Saturday 15 June 2013

What I was listening to last month: May


Woah, this is a late post. Still, I’ll try and forget that we’re stuck slap bang in the middle of June, and instead look back to what I was listening to last month.

There were a whole heap of records released in May that will no doubt sit in and around the top ten records of 2013 by the time December comes around. Whether they get a place in my top ten is another matter.

The global salivation that greeted Daft Punk’s latest full-length was a tad OTT. It’s a good record, yes, but it hardly seemed groundbreaking. Likewise, The National’s latest effort, Trouble Will Find Me, was in every sense a The National record; morose, enveloping and stacked full of crescendos. Did it surpass the masterpieces of Alligator and Boxer? I don’t think so.

Still, there was much to enjoy last month. I made a trek to Field Day in London where I saw a caught the likes of Animal Collective, Savages, Chvrches, Solange and Django Django. But, the real find of the weekend was Francois and the Atlas Mountains, whose blend of French-tinted pop and intricate math rock motifs created a  limb-shuffling forty odd minutes of rare brilliance.

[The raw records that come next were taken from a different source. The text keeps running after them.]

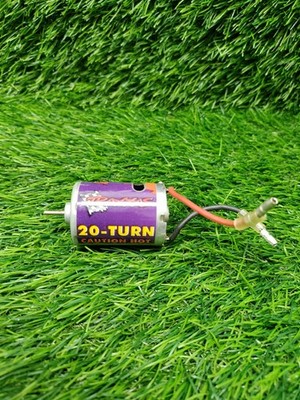 Vintage Traxxas Stinger 20 Turn Brushed RC Electric Motor Traxxas Untested 
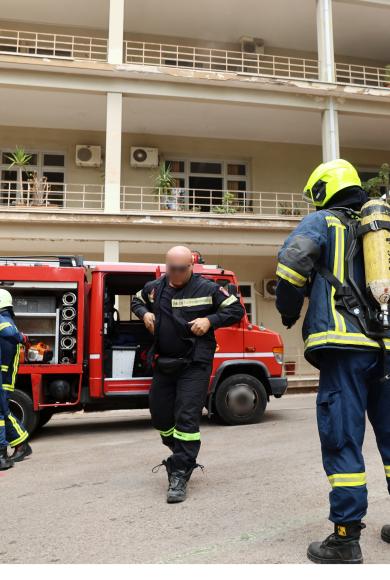 πυροσβετσικη σωτηρια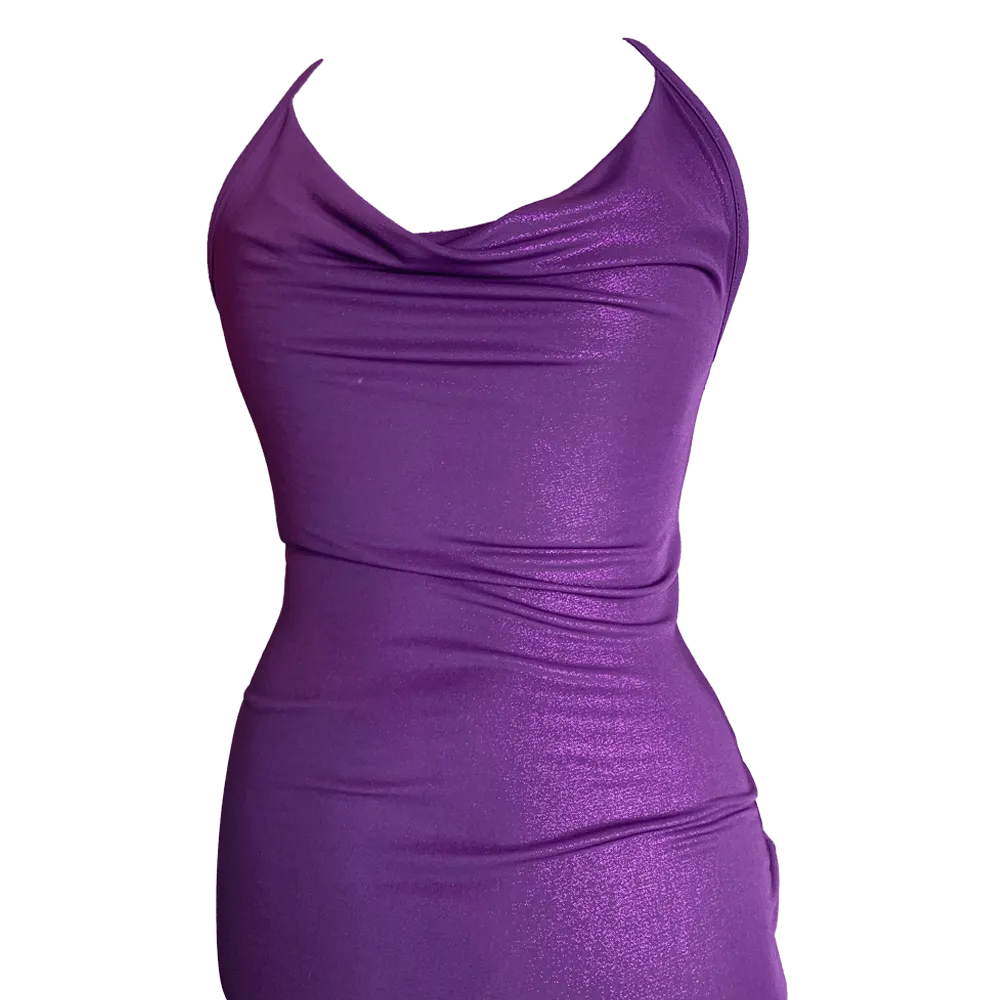Robe longue pailletée – Image 3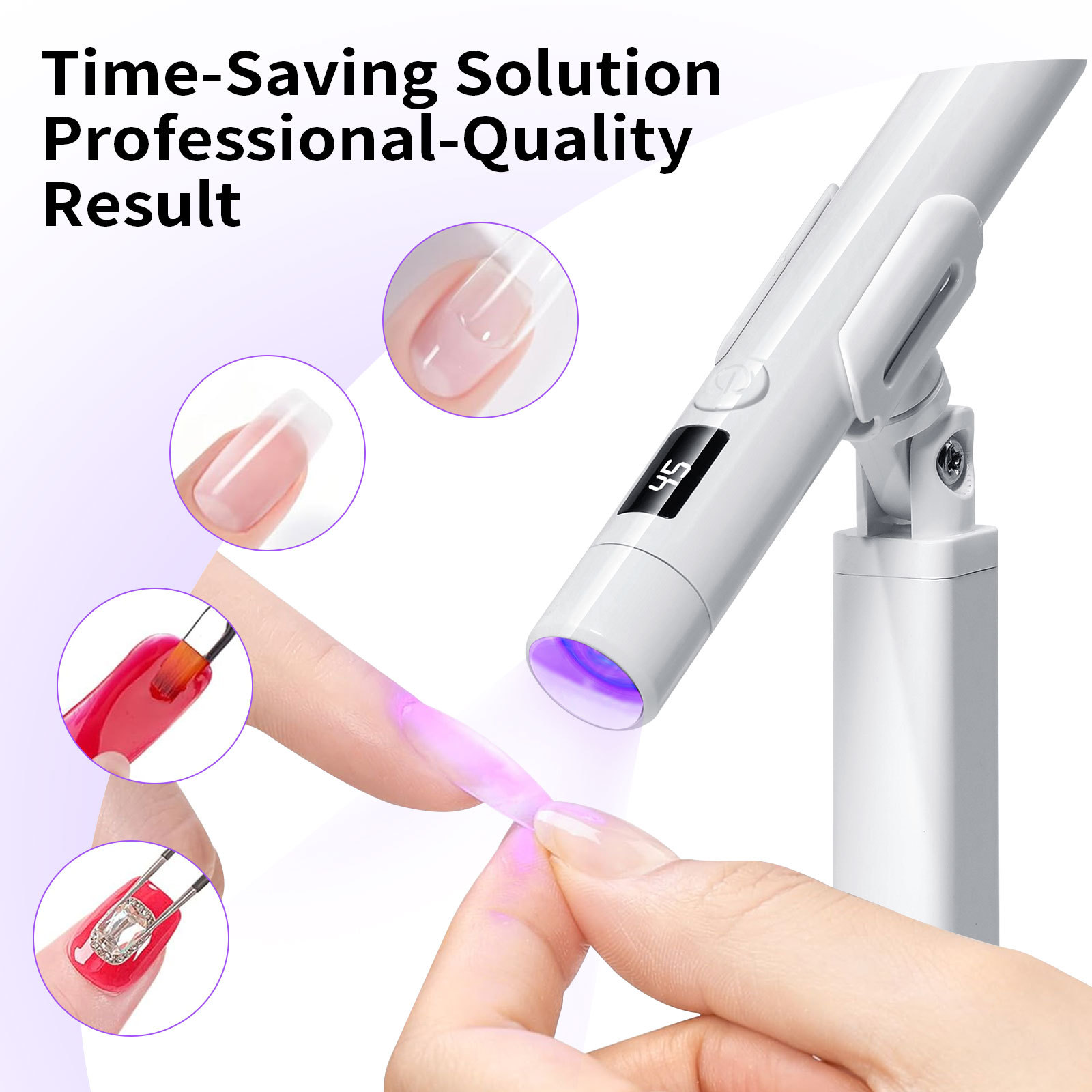 Mini Nail Art UV LED Light ric - Uv Led Lamp Printer recensione e prezzo
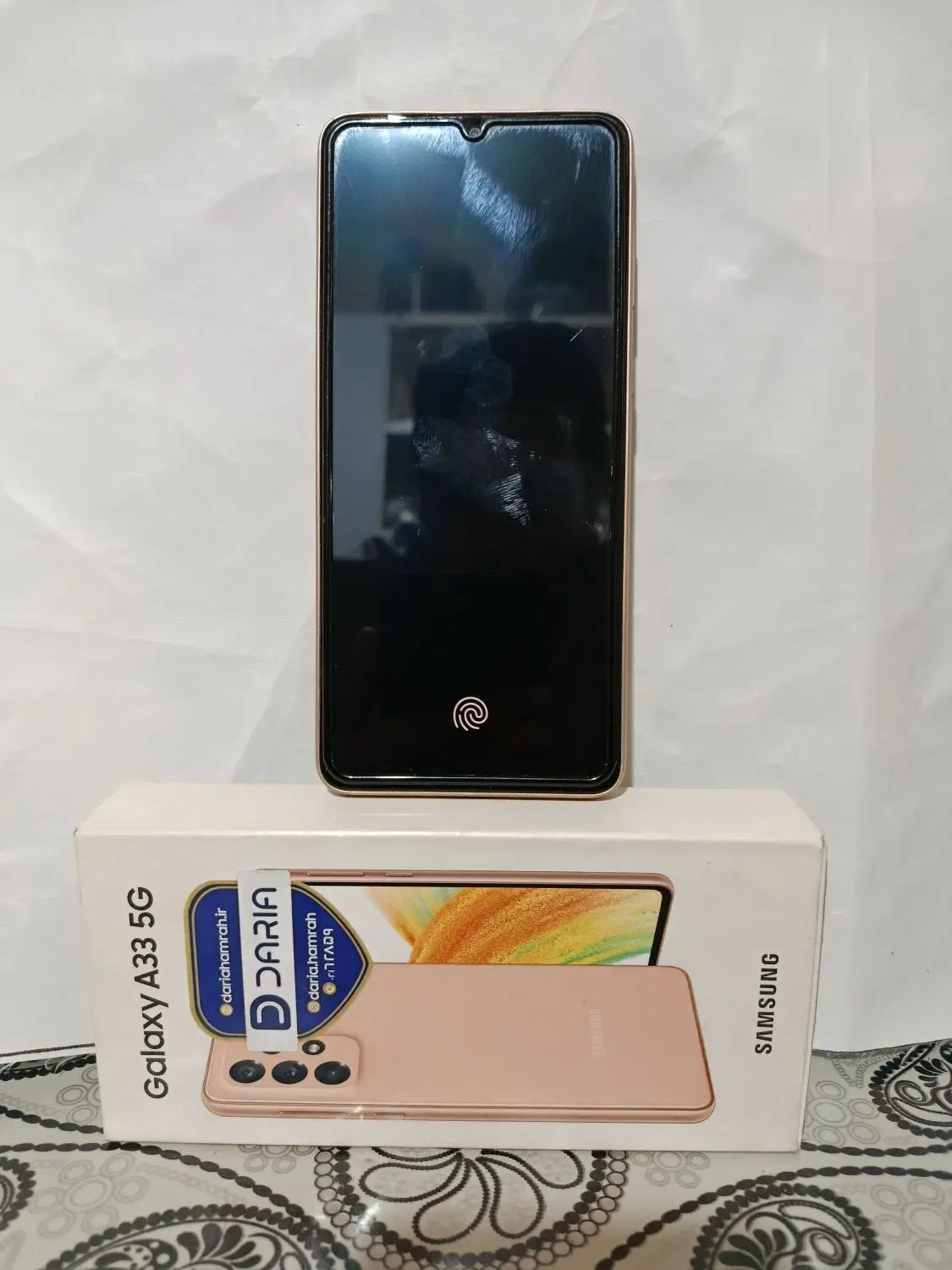 a33 5g Galaxy سامسونگ لاکاغذی|موبایل|مشهد, پنجتن|دیوار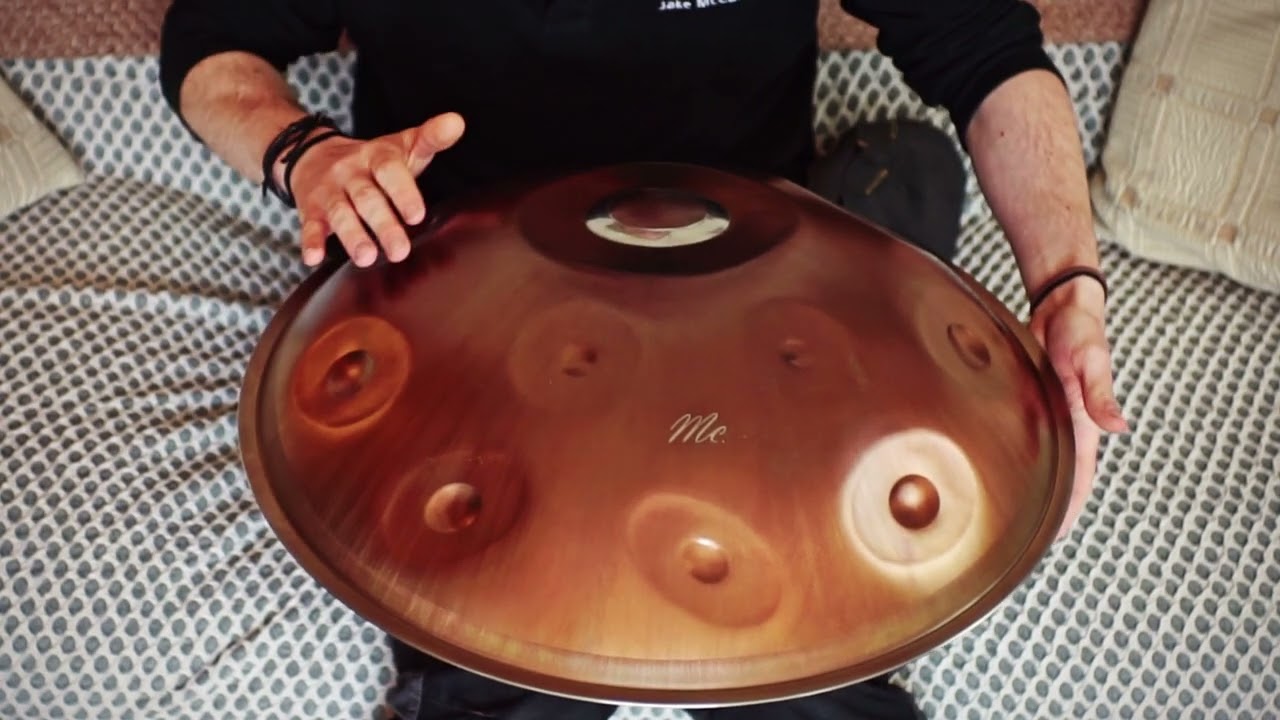 C Major Blackbird- Ember Steel (17 note)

Finally - against all my better instincts - I fell hook, line and sinker for the new Vampire Weekend record, Modern Vampires of the City. I’ve never really paid too much attention to VW; their Graceland-inspired melodies merely made me want to reach for the actual Graceland. But this new VW offering is a supreme slab of indie intelligence, the likes of which I never imagined they were capable of.

Goes to show that, underneath all the superlatives and verbosity, we critics know very little at all.